Cerró los ojos y vio el rebotar de Mario en ese mundo de tubos, honguitos y estrellas. A veces cuando intentaba dormir no podía porque seguía en el mundo del videojuego. Era a menudo relajante, pero la mayoría de las veces un pesado estancamiento.

Recordó que iba a la escuela como ejercicio de orientación y de obediencia –para salir de su burbuja, su debraye, su laberinto, para ser útil. Todo eso lo entendía a medias, pero dirigió su atención hacia la maestra, más que nada por falta de algo más interesante que hacer.
“Escriban lo que les nazca. Hay un mundo entero en cada uno de ustedes… hay imágenes en su cabeza que son de cada quién. Quiero ver justamente hasta dónde llega su imaginación, con qué tono viven”.

Miró el papel, igual de blanco que su mente. No podía sacar nada de nada, no podía transformar esa hoja en más que quizás un avioncito que poco duraría suspendido pero con suerte haría graciosas piruetas o caería en los rizos extravagantes de alguna niña del salón. Porque ninguna de éstas eran sus palabras, su mente era oscura y por ella no pasaba un solo caminante, era todo blando e insípido, los bolsillos eran sólo bolsillos, en el patio estuvo sólo parado, no habían pensamientos profundos, si sonaba poética su historia era porque un autor la había moldeado, porque una perspectiva (manipulación, elección del marco por parte del fotógrafo) había sido definida. ¿Quién era este autor? No existía. Si alguien llenaba una hoja con las palabras de su día él jamás se enteraría. La vida era gloriosa narrada, puesta en palabras, pero el crédito es de quien la escribe, de quien la imagina, no de quien la vive tan sensiblemente.
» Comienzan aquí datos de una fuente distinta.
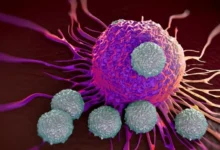 شایعترین سرطان ها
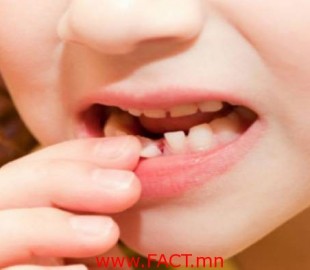 large_S7WfvMO3Ho2MScq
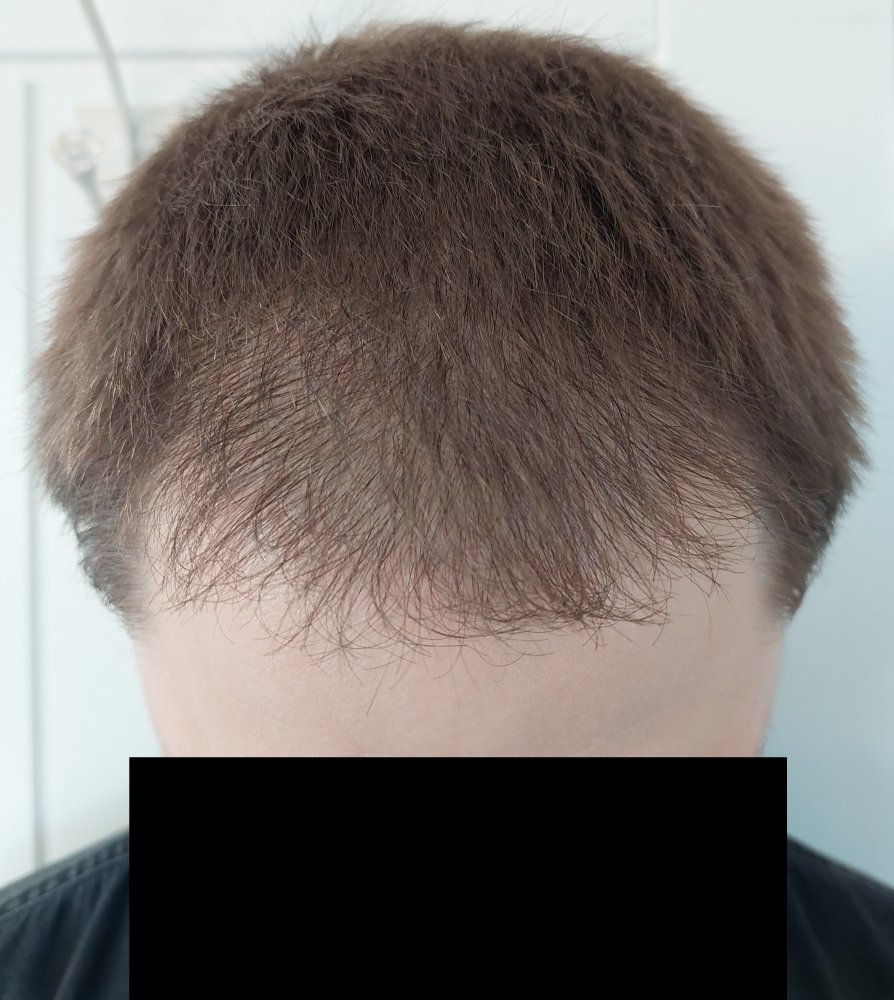 _Before (2).jpg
El no tenía personajes ni perspectivas.

No entiendo, pensó, no entiendo la pregunta que no me suena a pregunta, pero todo lo que te dice una maestra es pregunta, pregunta más que nada para ti.

Ojos vacíos aburridos, burro niño con videojuegos en la cabeza y tapiz de trenes en la mirada, manos en los bolsillos. Nada más.

−Maestra –alzó la mano y dijo−¸creo que yo no tengo imaginación.

1 comentario:

  1. Me encanta este relato, sobretodo porque conozco a una niña con la misma carencia imaginativa que el niño protagonista....He encontrado tu blog por casualidad, y me ha gustado mucho...Muchas gracias.